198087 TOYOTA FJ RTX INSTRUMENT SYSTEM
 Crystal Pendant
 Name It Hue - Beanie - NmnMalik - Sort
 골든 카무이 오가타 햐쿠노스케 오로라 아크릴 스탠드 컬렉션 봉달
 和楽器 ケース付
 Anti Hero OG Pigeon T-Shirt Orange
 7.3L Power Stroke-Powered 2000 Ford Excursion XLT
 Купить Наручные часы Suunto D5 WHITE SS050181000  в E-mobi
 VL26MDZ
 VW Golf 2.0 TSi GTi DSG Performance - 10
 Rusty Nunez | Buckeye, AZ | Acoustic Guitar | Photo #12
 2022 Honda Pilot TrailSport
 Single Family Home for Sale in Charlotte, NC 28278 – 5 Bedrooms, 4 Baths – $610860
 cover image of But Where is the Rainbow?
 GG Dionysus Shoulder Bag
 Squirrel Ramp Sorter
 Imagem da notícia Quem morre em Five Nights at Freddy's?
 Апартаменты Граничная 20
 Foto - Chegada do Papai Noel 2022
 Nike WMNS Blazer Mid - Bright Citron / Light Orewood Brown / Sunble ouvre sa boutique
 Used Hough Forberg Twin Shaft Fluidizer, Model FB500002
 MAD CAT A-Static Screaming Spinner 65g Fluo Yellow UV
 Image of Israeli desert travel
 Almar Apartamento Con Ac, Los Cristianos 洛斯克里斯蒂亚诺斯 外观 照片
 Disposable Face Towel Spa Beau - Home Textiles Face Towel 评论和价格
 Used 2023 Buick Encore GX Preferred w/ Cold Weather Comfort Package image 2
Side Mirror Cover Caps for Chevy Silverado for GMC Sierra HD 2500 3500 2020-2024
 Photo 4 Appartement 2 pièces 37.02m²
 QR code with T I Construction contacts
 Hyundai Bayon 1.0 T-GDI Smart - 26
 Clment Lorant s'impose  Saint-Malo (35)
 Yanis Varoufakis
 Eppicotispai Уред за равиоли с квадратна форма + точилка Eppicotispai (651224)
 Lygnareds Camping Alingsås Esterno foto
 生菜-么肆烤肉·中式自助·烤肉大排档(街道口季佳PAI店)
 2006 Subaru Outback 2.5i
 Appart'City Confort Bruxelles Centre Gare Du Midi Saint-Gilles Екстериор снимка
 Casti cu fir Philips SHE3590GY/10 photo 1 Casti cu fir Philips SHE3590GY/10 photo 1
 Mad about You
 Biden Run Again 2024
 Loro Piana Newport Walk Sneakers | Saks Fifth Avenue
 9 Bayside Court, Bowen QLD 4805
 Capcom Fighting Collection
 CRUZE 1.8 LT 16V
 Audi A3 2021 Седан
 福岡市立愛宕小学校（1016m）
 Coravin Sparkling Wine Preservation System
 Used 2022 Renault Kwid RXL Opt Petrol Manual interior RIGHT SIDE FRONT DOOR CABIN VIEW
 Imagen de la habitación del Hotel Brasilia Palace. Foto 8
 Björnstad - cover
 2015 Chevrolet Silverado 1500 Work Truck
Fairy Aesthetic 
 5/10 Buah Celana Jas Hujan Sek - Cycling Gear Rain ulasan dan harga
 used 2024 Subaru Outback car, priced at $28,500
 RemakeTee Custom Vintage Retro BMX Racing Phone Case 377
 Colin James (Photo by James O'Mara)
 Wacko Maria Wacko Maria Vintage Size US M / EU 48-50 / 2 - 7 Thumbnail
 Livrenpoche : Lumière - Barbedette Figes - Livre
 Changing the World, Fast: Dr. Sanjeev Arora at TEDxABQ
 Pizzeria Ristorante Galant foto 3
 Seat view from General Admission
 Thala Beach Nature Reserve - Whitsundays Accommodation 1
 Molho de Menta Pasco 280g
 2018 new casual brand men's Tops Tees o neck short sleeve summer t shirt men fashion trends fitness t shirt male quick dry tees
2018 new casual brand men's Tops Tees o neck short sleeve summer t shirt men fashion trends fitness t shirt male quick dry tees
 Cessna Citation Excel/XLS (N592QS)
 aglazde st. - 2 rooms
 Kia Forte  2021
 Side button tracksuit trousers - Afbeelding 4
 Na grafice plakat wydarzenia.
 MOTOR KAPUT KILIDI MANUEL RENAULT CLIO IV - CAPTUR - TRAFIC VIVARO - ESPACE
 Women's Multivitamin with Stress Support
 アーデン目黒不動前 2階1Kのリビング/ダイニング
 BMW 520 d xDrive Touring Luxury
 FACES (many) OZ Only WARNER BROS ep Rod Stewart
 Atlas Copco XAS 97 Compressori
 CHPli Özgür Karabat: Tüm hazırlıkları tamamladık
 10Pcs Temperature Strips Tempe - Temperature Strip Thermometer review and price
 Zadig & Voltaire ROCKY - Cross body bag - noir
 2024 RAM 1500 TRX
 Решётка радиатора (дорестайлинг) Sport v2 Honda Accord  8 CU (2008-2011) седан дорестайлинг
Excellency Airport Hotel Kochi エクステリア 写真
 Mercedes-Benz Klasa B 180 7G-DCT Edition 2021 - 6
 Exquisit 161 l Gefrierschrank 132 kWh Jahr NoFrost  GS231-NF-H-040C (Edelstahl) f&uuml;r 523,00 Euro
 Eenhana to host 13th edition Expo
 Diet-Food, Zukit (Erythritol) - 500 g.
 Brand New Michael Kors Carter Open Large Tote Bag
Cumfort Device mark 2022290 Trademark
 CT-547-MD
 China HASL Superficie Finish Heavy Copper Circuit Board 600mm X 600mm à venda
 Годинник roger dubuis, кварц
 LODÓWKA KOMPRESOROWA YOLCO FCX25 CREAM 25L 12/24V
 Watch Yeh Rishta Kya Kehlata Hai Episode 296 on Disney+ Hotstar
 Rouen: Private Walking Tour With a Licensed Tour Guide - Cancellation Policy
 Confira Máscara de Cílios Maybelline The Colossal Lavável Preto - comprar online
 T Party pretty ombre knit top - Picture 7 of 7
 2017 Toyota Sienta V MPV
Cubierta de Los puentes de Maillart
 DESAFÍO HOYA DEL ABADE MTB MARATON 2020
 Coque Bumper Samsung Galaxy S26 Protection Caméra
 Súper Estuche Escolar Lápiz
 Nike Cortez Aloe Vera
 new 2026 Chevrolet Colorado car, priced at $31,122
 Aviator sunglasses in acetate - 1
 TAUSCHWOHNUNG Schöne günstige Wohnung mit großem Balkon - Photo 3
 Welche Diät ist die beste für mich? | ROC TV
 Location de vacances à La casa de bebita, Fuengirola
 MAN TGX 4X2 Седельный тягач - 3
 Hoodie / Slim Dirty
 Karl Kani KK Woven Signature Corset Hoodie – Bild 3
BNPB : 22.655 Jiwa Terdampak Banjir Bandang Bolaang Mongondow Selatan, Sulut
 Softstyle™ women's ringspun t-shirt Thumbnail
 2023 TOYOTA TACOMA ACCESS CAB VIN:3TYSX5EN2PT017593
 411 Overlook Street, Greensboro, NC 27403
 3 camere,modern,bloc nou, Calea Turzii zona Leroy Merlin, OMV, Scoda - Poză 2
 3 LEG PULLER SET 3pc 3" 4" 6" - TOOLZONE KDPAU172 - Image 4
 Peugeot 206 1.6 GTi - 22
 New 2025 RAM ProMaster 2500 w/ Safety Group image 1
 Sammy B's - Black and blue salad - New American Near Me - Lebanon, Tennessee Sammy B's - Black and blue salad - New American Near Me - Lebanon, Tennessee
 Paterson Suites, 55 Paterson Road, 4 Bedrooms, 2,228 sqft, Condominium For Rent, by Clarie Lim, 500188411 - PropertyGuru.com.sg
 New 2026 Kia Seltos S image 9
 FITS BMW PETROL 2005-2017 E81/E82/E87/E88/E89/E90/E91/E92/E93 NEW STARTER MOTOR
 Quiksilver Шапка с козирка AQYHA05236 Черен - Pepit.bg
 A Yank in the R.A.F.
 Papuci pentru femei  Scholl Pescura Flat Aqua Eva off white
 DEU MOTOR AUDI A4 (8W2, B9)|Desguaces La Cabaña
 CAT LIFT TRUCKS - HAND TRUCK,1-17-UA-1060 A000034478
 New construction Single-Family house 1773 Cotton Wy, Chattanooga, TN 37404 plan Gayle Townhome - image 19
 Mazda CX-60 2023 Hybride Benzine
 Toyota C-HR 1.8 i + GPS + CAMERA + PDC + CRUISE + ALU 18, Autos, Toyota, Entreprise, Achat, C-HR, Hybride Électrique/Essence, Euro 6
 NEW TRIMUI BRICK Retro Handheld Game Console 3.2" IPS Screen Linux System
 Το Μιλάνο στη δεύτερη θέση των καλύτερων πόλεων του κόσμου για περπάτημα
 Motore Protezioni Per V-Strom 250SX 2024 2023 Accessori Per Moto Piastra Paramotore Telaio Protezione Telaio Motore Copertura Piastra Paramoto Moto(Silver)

● **Exercise aim**: Copy verbatim, from the listing above, each line from the one containing "Eppicotispai Уред за" down to the one containing "Casti cu fir Philips SHE3590GY/10 photo 1 Casti", inclusive.

● **Result**:
 Eppicotispai Уред за равиоли с квадратна форма + точилка Eppicotispai (651224)
 Lygnareds Camping Alingsås Esterno foto
 生菜-么肆烤肉·中式自助·烤肉大排档(街道口季佳PAI店)
 2006 Subaru Outback 2.5i
 Appart'City Confort Bruxelles Centre Gare Du Midi Saint-Gilles Екстериор снимка
 Casti cu fir Philips SHE3590GY/10 photo 1 Casti cu fir Philips SHE3590GY/10 photo 1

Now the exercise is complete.